Who to trust on RX comparisons

Without going back and researching, the $2k cap, if ever implemented, will probably have a yearly "inflation adjustment".
 
My short reply is "I don't know" :cute:

My longer answer is I don't imagine it would be an explicit, formulaic combination - more some kind of actuarial acknowledgment that in '25 the Rx share of plans' spending suddenly jumps up.

Feels like somewhere there's probably some data that suggests what share of beneficiaries currently take a dollar volume of meds that would push them above a $2k cap, which would permit some spitballing on the distribution of the $ we're talking about. I've been too lazy to look but it's probably somewhere associated with the measure that implemented that cap...who knows, the forecast may be much lower than I'm currently imagining....

EDIT: sure enough, the forecast impact is lower than I was imagining. This 8/18/22 Kaiser Family Foundation piece provides some details (about 1/2 way down).

I already told Juliana and Tricia at KFF that I hope they are right but think they are wrong.

We are already seeing it at Aetna. There's a base plan with a great premium and formulary for T1's. And in most areas that means they will get the low income people. (And note that they stopped paying commission on it, too)

The premiums won't increase due to the IRA, but what they can (and will) do is tighten up the formularies. Most of the carriers offer at least 2 or 3 Part D plans. They will have a base plan with an incredibly low premium combined with a very tight, closed formulary. Then the 2nd or 3rd option will be a $100 premium with low or $0 deductible and a decent formulary. All those people we are seeing on Eliquis or Xarelto?
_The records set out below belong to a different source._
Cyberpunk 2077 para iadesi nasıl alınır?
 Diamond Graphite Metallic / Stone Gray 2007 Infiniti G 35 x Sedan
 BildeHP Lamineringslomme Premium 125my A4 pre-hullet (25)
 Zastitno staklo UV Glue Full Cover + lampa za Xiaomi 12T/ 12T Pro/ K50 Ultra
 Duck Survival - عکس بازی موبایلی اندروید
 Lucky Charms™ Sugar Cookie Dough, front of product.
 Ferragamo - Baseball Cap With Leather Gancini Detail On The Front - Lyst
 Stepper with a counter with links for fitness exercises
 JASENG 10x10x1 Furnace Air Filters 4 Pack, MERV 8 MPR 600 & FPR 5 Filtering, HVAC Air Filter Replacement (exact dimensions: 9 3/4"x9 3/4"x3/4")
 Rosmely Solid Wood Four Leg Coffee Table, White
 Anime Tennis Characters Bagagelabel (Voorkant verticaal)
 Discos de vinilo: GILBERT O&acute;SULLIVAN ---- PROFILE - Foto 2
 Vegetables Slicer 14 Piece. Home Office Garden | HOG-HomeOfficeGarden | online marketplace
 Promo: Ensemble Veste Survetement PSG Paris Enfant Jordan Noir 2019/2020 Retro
They'll be paying $100 a month premium in 2025.
 
All those people we are seeing on Eliquis or Xarelto? They'll be paying $100 a month premium in 2025.

Unless they order from Canada or qualify for a PAP.

I am finding more PAP's expanding their qualifying requirements and no longer exclude those with a Medicare PDP. There is an attestation form as part of the application where you agree to not try and use your PDP plus the PAP.

Many of the PAP's send your meds to your doc, although some will deliver to your home.

I haven't used NeedyMeds.org in years but starting to refer folks to them more than in the past. So far I have clients approved for help with Vemliddy, Januvia and Xarelto.
 
I am finding more PAP's expanding their qualifying requirements and no longer exclude those with a Medicare PDP. There is an attestation form as part of the application where you agree to not try and use your PDP plus the PAP.

@fed up posted in another thread about a PAP for trulicity. Just looking on Lilly's website,
they appear to accept patients with Part D plans if the patients meet Lilly's income guidelines. they appear to have three categories of medicines with different FPL income limits for each category.

The Lilly website also shows this link where people who are not eligible for Lilly's assistance program can look to see if they can obtain some help elsewhere. I can't evaluate or keep track of this stuff so I'll put the link here so others can keep track of it if it is useful.

[EXTERNAL LINK] - Medicine Assistance Tool
 
note that they stopped paying commission on it, too)

the detectable uptick in non-commissioned plans, for whatever reasons, probably deserves its own thread ....

I think you're right about Rx plan designs likely moving to greater low-high 'separation' & narrower formularies. GoodRx, Mark Cuban, Singlecare et al also seem interested in continuing to elbow MAPD & PDP plans aside at the pharmacy register.
 
In my state (Alabama), drug coverage with Advantage plans has a much lower deductible and lower copays. It seems the stand-alone PDP's are subsidizing drug coverage with MAPD's.